In the horse, complete and differential blood counts and serum chemistry profiles are recommended for most neurological cases.
Acute and convalescent sera can be submitted when a specific infectious disease is suspected for which a serologic diagnosis is possible.
Laboratory examination of CSF for cellular content and pathogens may also be indicated. In bacterial meningoencephalitis of young lambs, analysis of CSF obtained from the lumbosacral space reveals a highly significant increase in protein concentration with neutrophilic pleocytosis.5
In some of the commonly occurring encephalitides there are no gross lesions of the brain apart from those that occur in other body systems and that are typical of the specific disease. In other cases, on transverse section of the brain, extensive areas of hemorrhagic necrosis may be visible, as in meningoencephalitis in cattle due to H. somnus. Histological lesions vary with the type and mode of action of the causative agent. Material for laboratory diagnosis should include the fixed brain and portions of fresh brain material for culture and for transmission experiments.
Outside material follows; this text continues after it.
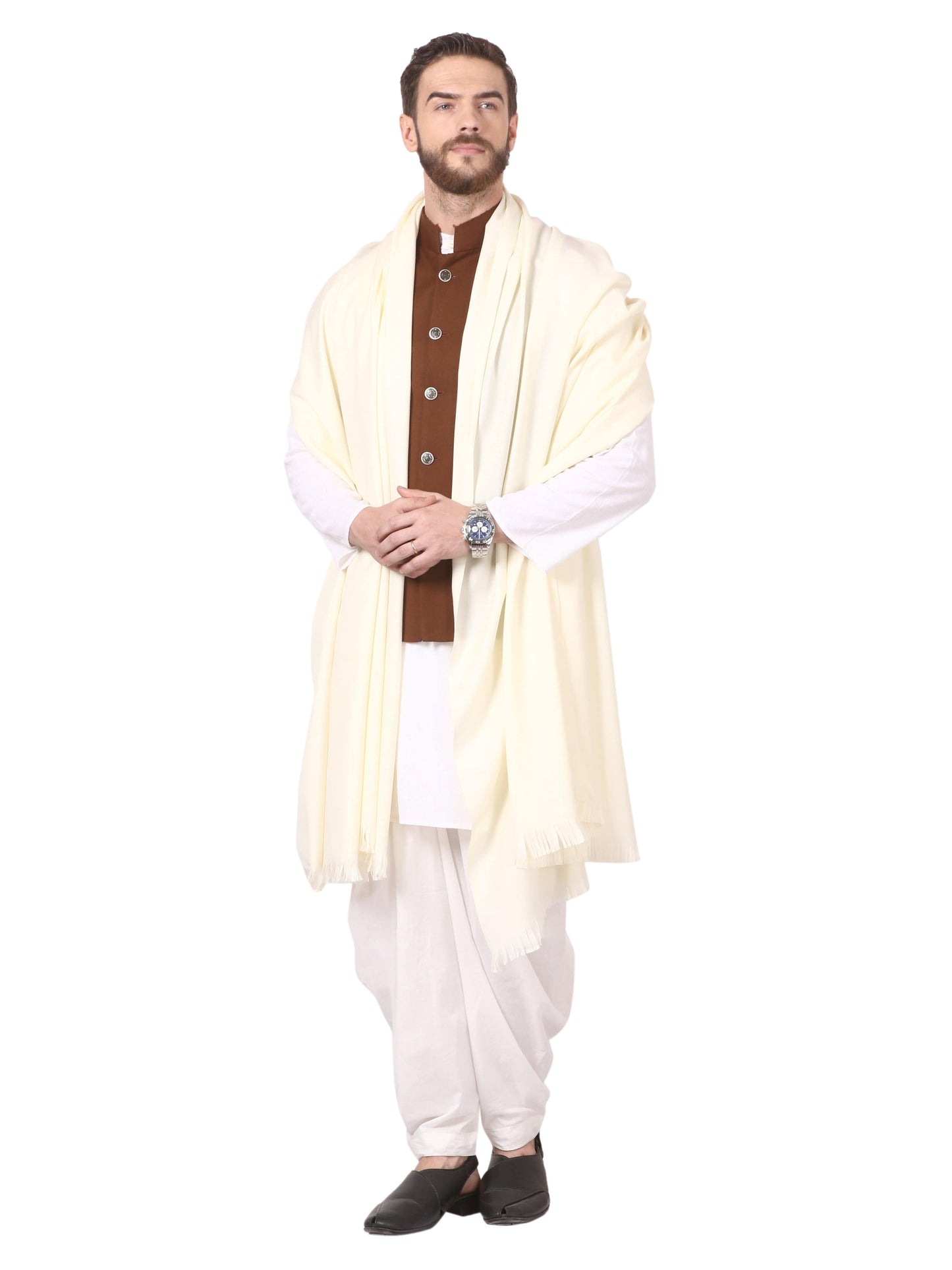 Pashtush India Shawl Pashtush Mens Thick Blended Wool Lohi, Mens Shawl with 50% Wool, Cream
The diagnosis of encephalitis cannot depend entirely on the recognition of the typical syndrome because similar syndromes may be caused by many other brain diseases. Acute cerebral edema and focal space-occupying lesions of the cranial cavity, and a number of poisonings, including salt, lead, arsenic, mercury, rotenone and chlorinated hydrocarbons all cause similar syndromes, as do hypovitaminosis A, hypoglycemia, encephalomalacia and meningitis.
Fever is common in encephalitis but is not usually present in rabies, scrapie, or bovine spongiform encephalopathy; but it may occur in the noninflammatory diseases if convulsions are severe.
Generally, the clinical diagnosis rests upon the recognition of the specific encephalitides and the elimination of the other possible causes on the basis of the history and clinical pathology, especially in poisonings, and on clinical findings characteristic of the particular disease. In many cases a definite diagnosis can only be made on necropsy. For differentiation of the specific encephalitides reference should be made to the diseases listed under Etiology, above.
Infestation with nematode larvae causes a great variety of signs depending on the number of invading larvae and the amount and location of the damage.
Specific treatments are dealt with under each disease. Antimicrobials are indicated for bacterial meningoencephalomyelitis. Generally the aim should be to provide supportive treatment by intravenous fluid and electrolyte therapy or stomach tube feeding during the acute phase. Sedation during the excitement stage may prevent the animal from injuring itself, and nervous system stimulants during the period of depression may maintain life through the critical phase. Although there is an increase in intracranial pressure, the removal of CSF is contraindicated because of the deleterious effects of the procedure on other parts of the brain.
1 Ahrens AO, et al. Int J Syst Evol Microbiol. 2003;53:1449.
2 Nation PN, Calder WA. Aust Vet J. 1985;26:378.
3 Duffel SJ. Vet Rec. 1984;115:547.
4 Cassidy JP, et al. Vet Rec. 1997;140:193.
5 Scott PR, et al. Vet Rec. 1994;135:154.
6 Boy MG, et al. J Am Vet Med Assoc. 1990;196:632.
7 Geiser DR, et al. Compend Contin Educ Pract Vet. 1988;10:740.